## What is needed
Transcribe the data below verbatim from the line with "bengalese finches stickers sticker #10939331" to the line with "Estructura Del Arn". Include both of those lines.

*** Begin section ***

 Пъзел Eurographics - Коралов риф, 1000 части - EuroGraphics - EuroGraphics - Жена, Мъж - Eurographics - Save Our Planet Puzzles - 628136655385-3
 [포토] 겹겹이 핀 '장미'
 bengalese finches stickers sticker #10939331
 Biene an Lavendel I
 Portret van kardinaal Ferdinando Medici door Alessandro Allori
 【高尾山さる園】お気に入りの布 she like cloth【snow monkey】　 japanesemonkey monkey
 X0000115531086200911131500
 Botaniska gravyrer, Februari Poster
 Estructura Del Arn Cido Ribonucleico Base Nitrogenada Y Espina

*** End section ***
*** Begin section ***

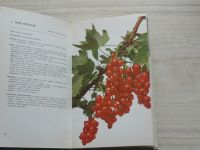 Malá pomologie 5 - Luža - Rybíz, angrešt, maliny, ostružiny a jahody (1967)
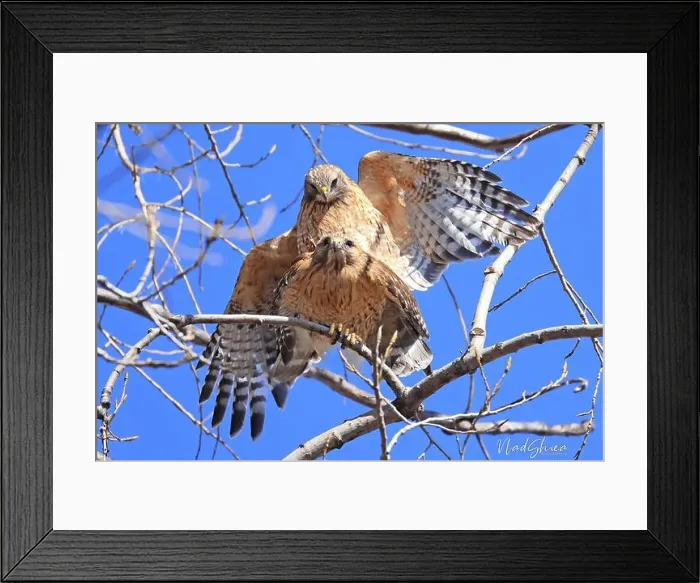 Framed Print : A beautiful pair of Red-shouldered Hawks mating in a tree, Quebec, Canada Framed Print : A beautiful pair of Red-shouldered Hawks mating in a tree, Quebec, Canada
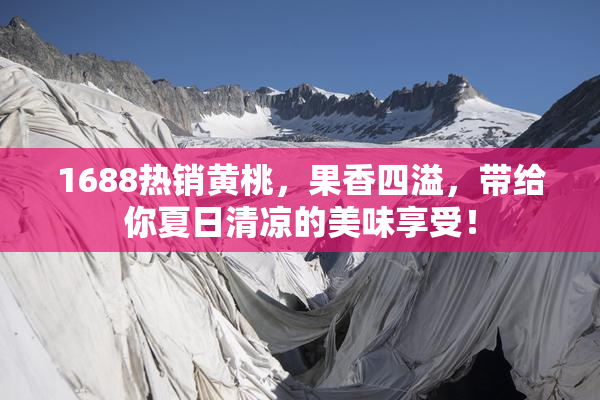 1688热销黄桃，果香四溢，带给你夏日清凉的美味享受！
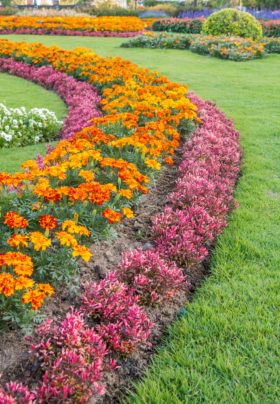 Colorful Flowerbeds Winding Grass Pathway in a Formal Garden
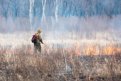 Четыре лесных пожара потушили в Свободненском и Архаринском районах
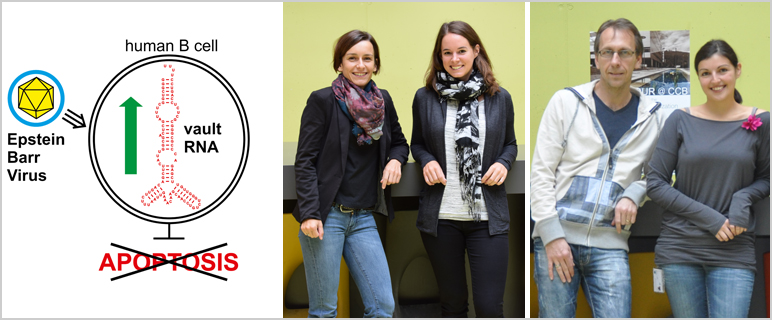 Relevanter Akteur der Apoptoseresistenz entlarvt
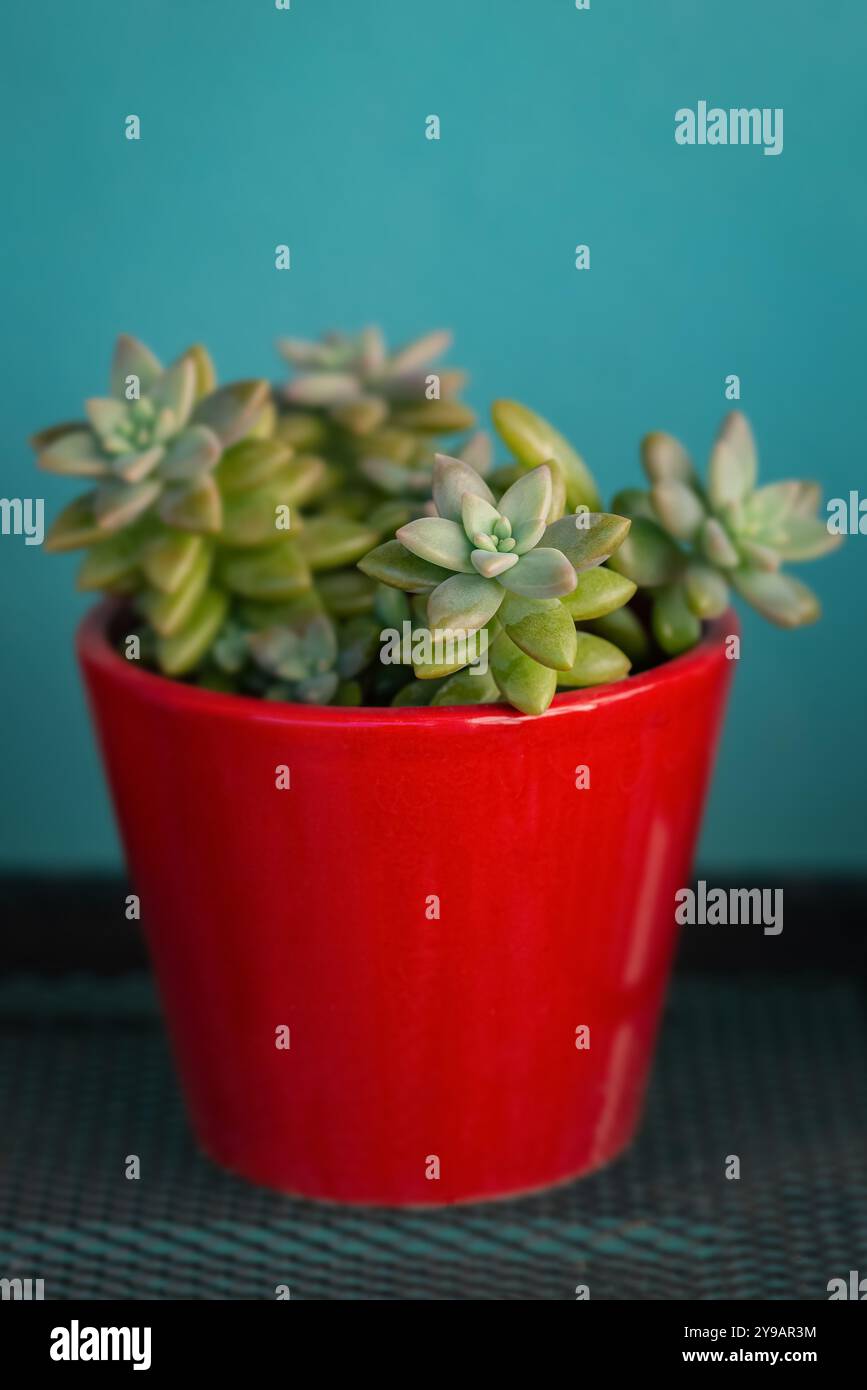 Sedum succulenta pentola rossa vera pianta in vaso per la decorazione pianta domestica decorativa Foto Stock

*** End section ***

## Written answer
 bengalese finches stickers sticker #10939331
 Biene an Lavendel I
 Portret van kardinaal Ferdinando Medici door Alessandro Allori
 【高尾山さる園】お気に入りの布 she like cloth【snow monkey】　 japanesemonkey monkey
 X0000115531086200911131500
 Botaniska gravyrer, Februari Poster
 Estructura Del Arn Cido Ribonucleico Base Nitrogenada Y Espina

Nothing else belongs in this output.